* [Assigned task]:
Reply with the data below, repeated exactly in full.

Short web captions

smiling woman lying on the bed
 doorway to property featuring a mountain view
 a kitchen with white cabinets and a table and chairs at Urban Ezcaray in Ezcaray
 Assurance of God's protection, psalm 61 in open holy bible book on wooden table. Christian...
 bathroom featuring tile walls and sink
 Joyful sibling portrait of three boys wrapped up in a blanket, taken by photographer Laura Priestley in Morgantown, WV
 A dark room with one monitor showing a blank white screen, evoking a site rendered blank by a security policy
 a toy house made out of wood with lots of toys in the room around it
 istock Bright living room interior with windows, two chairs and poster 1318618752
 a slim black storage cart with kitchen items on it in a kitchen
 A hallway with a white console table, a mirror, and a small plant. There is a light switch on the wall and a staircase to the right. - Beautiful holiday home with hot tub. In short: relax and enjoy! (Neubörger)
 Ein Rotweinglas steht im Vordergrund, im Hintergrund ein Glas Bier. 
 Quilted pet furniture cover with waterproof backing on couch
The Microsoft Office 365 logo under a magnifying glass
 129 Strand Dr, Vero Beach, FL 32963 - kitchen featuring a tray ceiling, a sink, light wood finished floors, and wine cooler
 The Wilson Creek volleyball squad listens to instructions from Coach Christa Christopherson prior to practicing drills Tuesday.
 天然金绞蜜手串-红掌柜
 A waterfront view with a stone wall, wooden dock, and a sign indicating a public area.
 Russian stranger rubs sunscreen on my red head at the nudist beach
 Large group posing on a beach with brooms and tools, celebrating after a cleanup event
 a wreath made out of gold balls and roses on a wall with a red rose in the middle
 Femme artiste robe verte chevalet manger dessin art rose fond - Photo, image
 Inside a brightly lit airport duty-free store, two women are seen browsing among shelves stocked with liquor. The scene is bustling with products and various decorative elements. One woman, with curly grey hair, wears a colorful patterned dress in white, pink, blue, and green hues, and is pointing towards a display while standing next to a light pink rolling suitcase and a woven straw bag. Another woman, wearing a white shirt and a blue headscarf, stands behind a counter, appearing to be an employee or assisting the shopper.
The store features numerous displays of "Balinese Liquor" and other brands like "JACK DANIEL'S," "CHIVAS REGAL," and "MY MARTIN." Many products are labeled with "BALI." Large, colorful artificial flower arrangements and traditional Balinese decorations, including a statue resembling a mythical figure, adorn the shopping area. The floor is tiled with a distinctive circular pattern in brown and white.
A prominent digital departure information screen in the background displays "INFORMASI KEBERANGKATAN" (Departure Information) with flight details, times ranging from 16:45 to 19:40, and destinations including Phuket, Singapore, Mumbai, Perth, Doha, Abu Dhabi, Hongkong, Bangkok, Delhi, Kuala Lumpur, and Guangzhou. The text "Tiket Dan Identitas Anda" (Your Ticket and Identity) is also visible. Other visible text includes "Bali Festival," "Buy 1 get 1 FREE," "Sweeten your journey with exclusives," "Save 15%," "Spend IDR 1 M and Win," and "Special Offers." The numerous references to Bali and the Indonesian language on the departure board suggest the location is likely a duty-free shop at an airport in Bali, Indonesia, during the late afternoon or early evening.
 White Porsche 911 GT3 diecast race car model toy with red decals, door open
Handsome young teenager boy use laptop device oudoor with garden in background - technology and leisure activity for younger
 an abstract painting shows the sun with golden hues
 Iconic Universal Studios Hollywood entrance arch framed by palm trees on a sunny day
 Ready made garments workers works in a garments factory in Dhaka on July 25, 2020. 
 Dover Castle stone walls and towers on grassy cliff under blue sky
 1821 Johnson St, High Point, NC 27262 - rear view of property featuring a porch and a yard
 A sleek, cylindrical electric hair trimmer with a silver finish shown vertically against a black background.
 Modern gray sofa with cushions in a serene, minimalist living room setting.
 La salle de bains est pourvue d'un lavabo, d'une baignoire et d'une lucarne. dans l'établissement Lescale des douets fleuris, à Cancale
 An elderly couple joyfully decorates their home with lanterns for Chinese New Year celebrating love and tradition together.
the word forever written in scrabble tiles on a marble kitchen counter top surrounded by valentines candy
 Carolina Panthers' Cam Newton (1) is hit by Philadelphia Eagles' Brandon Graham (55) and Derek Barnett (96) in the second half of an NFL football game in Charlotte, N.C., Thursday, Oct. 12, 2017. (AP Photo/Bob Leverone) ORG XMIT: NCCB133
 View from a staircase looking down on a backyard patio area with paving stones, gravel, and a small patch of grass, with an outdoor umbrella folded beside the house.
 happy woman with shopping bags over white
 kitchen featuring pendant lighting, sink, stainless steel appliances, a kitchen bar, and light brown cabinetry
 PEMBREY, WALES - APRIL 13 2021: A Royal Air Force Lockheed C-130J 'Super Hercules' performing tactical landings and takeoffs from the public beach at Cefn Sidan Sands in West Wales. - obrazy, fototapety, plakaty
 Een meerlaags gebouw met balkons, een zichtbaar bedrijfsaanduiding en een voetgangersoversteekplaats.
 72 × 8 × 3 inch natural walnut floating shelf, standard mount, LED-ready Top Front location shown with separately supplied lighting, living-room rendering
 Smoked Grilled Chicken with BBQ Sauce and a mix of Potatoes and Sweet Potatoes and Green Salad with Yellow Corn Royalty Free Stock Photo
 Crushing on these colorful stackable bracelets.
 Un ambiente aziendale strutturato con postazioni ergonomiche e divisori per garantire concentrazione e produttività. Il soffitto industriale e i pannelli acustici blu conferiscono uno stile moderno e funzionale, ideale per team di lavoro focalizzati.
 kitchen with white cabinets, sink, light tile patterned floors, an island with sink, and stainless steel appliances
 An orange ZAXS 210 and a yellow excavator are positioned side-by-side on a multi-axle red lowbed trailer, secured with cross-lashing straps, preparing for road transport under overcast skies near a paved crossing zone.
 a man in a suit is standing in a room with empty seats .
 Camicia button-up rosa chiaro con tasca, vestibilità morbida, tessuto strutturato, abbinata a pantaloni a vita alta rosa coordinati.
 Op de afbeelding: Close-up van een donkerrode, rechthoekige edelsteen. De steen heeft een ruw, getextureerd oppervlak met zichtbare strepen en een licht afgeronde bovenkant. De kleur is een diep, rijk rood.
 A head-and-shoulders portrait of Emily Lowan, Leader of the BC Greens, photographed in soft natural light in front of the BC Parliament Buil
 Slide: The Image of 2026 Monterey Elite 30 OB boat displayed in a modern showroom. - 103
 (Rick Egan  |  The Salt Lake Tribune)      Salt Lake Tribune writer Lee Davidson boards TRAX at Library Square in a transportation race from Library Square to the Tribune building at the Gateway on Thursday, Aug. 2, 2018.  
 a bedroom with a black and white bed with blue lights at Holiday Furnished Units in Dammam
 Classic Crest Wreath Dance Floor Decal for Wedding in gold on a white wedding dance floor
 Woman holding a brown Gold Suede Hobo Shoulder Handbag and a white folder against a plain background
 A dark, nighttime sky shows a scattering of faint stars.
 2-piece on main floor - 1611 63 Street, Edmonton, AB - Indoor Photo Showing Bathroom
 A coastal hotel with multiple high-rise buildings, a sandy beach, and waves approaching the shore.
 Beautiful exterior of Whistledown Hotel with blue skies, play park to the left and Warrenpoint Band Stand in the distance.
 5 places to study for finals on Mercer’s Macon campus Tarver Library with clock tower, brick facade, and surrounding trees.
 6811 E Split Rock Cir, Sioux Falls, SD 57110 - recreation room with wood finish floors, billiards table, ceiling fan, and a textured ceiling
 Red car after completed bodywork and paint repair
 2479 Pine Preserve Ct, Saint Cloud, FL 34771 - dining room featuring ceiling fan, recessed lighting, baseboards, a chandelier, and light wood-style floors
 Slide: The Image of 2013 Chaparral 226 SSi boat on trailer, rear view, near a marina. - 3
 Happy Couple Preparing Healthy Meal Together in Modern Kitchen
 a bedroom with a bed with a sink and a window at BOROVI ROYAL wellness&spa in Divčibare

* [Response to the exercise]:
smiling woman lying on the bed
 doorway to property featuring a mountain view
 a kitchen with white cabinets and a table and chairs at Urban Ezcaray in Ezcaray
 Assurance of God's protection, psalm 61 in open holy bible book on wooden table. Christian...
 bathroom featuring tile walls and sink
 Joyful sibling portrait of three boys wrapped up in a blanket, taken by photographer Laura Priestley in Morgantown, WV
 A dark room with one monitor showing a blank white screen, evoking a site rendered blank by a security policy
 a toy house made out of wood with lots of toys in the room around it
 istock Bright living room interior with windows, two chairs and poster 1318618752
 a slim black storage cart with kitchen items on it in a kitchen
 A hallway with a white console table, a mirror, and a small plant. There is a light switch on the wall and a staircase to the right. - Beautiful holiday home with hot tub. In short: relax and enjoy! (Neubörger)
 Ein Rotweinglas steht im Vordergrund, im Hintergrund ein Glas Bier. 
 Quilted pet furniture cover with waterproof backing on couch
The Microsoft Office 365 logo under a magnifying glass
 129 Strand Dr, Vero Beach, FL 32963 - kitchen featuring a tray ceiling, a sink, light wood finished floors, and wine cooler
 The Wilson Creek volleyball squad listens to instructions from Coach Christa Christopherson prior to practicing drills Tuesday.
 天然金绞蜜手串-红掌柜
 A waterfront view with a stone wall, wooden dock, and a sign indicating a public area.
 Russian stranger rubs sunscreen on my red head at the nudist beach
 Large group posing on a beach with brooms and tools, celebrating after a cleanup event
 a wreath made out of gold balls and roses on a wall with a red rose in the middle
 Femme artiste robe verte chevalet manger dessin art rose fond - Photo, image
 Inside a brightly lit airport duty-free store, two women are seen browsing among shelves stocked with liquor. The scene is bustling with products and various decorative elements. One woman, with curly grey hair, wears a colorful patterned dress in white, pink, blue, and green hues, and is pointing towards a display while standing next to a light pink rolling suitcase and a woven straw bag. Another woman, wearing a white shirt and a blue headscarf, stands behind a counter, appearing to be an employee or assisting the shopper.
The store features numerous displays of "Balinese Liquor" and other brands like "JACK DANIEL'S," "CHIVAS REGAL," and "MY MARTIN." Many products are labeled with "BALI." Large, colorful artificial flower arrangements and traditional Balinese decorations, including a statue resembling a mythical figure, adorn the shopping area. The floor is tiled with a distinctive circular pattern in brown and white.
A prominent digital departure information screen in the background displays "INFORMASI KEBERANGKATAN" (Departure Information) with flight details, times ranging from 16:45 to 19:40, and destinations including Phuket, Singapore, Mumbai, Perth, Doha, Abu Dhabi, Hongkong, Bangkok, Delhi, Kuala Lumpur, and Guangzhou. The text "Tiket Dan Identitas Anda" (Your Ticket and Identity) is also visible. Other visible text includes "Bali Festival," "Buy 1 get 1 FREE," "Sweeten your journey with exclusives," "Save 15%," "Spend IDR 1 M and Win," and "Special Offers." The numerous references to Bali and the Indonesian language on the departure board suggest the location is likely a duty-free shop at an airport in Bali, Indonesia, during the late afternoon or early evening.
 White Porsche 911 GT3 diecast race car model toy with red decals, door open
Handsome young teenager boy use laptop device oudoor with garden in background - technology and leisure activity for younger
 an abstract painting shows the sun with golden hues
 Iconic Universal Studios Hollywood entrance arch framed by palm trees on a sunny day
 Ready made garments workers works in a garments factory in Dhaka on July 25, 2020. 
 Dover Castle stone walls and towers on grassy cliff under blue sky
 1821 Johnson St, High Point, NC 27262 - rear view of property featuring a porch and a yard
 A sleek, cylindrical electric hair trimmer with a silver finish shown vertically against a black background.
 Modern gray sofa with cushions in a serene, minimalist living room setting.
 La salle de bains est pourvue d'un lavabo, d'une baignoire et d'une lucarne. dans l'établissement Lescale des douets fleuris, à Cancale
 An elderly couple joyfully decorates their home with lanterns for Chinese New Year celebrating love and tradition together.
the word forever written in scrabble tiles on a marble kitchen counter top surrounded by valentines candy
 Carolina Panthers' Cam Newton (1) is hit by Philadelphia Eagles' Brandon Graham (55) and Derek Barnett (96) in the second half of an NFL football game in Charlotte, N.C., Thursday, Oct. 12, 2017. (AP Photo/Bob Leverone) ORG XMIT: NCCB133
 View from a staircase looking down on a backyard patio area with paving stones, gravel, and a small patch of grass, with an outdoor umbrella folded beside the house.
 happy woman with shopping bags over white
 kitchen featuring pendant lighting, sink, stainless steel appliances, a kitchen bar, and light brown cabinetry
 PEMBREY, WALES - APRIL 13 2021: A Royal Air Force Lockheed C-130J 'Super Hercules' performing tactical landings and takeoffs from the public beach at Cefn Sidan Sands in West Wales. - obrazy, fototapety, plakaty
 Een meerlaags gebouw met balkons, een zichtbaar bedrijfsaanduiding en een voetgangersoversteekplaats.
 72 × 8 × 3 inch natural walnut floating shelf, standard mount, LED-ready Top Front location shown with separately supplied lighting, living-room rendering
 Smoked Grilled Chicken with BBQ Sauce and a mix of Potatoes and Sweet Potatoes and Green Salad with Yellow Corn Royalty Free Stock Photo
 Crushing on these colorful stackable bracelets.
 Un ambiente aziendale strutturato con postazioni ergonomiche e divisori per garantire concentrazione e produttività. Il soffitto industriale e i pannelli acustici blu conferiscono uno stile moderno e funzionale, ideale per team di lavoro focalizzati.
 kitchen with white cabinets, sink, light tile patterned floors, an island with sink, and stainless steel appliances
 An orange ZAXS 210 and a yellow excavator are positioned side-by-side on a multi-axle red lowbed trailer, secured with cross-lashing straps, preparing for road transport under overcast skies near a paved crossing zone.
 a man in a suit is standing in a room with empty seats .
 Camicia button-up rosa chiaro con tasca, vestibilità morbida, tessuto strutturato, abbinata a pantaloni a vita alta rosa coordinati.
 Op de afbeelding: Close-up van een donkerrode, rechthoekige edelsteen. De steen heeft een ruw, getextureerd oppervlak met zichtbare strepen en een licht afgeronde bovenkant. De kleur is een diep, rijk rood.
 A head-and-shoulders portrait of Emily Lowan, Leader of the BC Greens, photographed in soft natural light in front of the BC Parliament Buil
 Slide: The Image of 2026 Monterey Elite 30 OB boat displayed in a modern showroom. - 103
 (Rick Egan  |  The Salt Lake Tribune)      Salt Lake Tribune writer Lee Davidson boards TRAX at Library Square in a transportation race from Library Square to the Tribune building at the Gateway on Thursday, Aug. 2, 2018.  
 a bedroom with a black and white bed with blue lights at Holiday Furnished Units in Dammam
 Classic Crest Wreath Dance Floor Decal for Wedding in gold on a white wedding dance floor
 Woman holding a brown Gold Suede Hobo Shoulder Handbag and a white folder against a plain background
 A dark, nighttime sky shows a scattering of faint stars.
 2-piece on main floor - 1611 63 Street, Edmonton, AB - Indoor Photo Showing Bathroom
 A coastal hotel with multiple high-rise buildings, a sandy beach, and waves approaching the shore.
 Beautiful exterior of Whistledown Hotel with blue skies, play park to the left and Warrenpoint Band Stand in the distance.
 5 places to study for finals on Mercer’s Macon campus Tarver Library with clock tower, brick facade, and surrounding trees.
 6811 E Split Rock Cir, Sioux Falls, SD 57110 - recreation room with wood finish floors, billiards table, ceiling fan, and a textured ceiling
 Red car after completed bodywork and paint repair
 2479 Pine Preserve Ct, Saint Cloud, FL 34771 - dining room featuring ceiling fan, recessed lighting, baseboards, a chandelier, and light wood-style floors
 Slide: The Image of 2013 Chaparral 226 SSi boat on trailer, rear view, near a marina. - 3
 Happy Couple Preparing Healthy Meal Together in Modern Kitchen
 a bedroom with a bed with a sink and a window at BOROVI ROYAL wellness&spa in Divčibare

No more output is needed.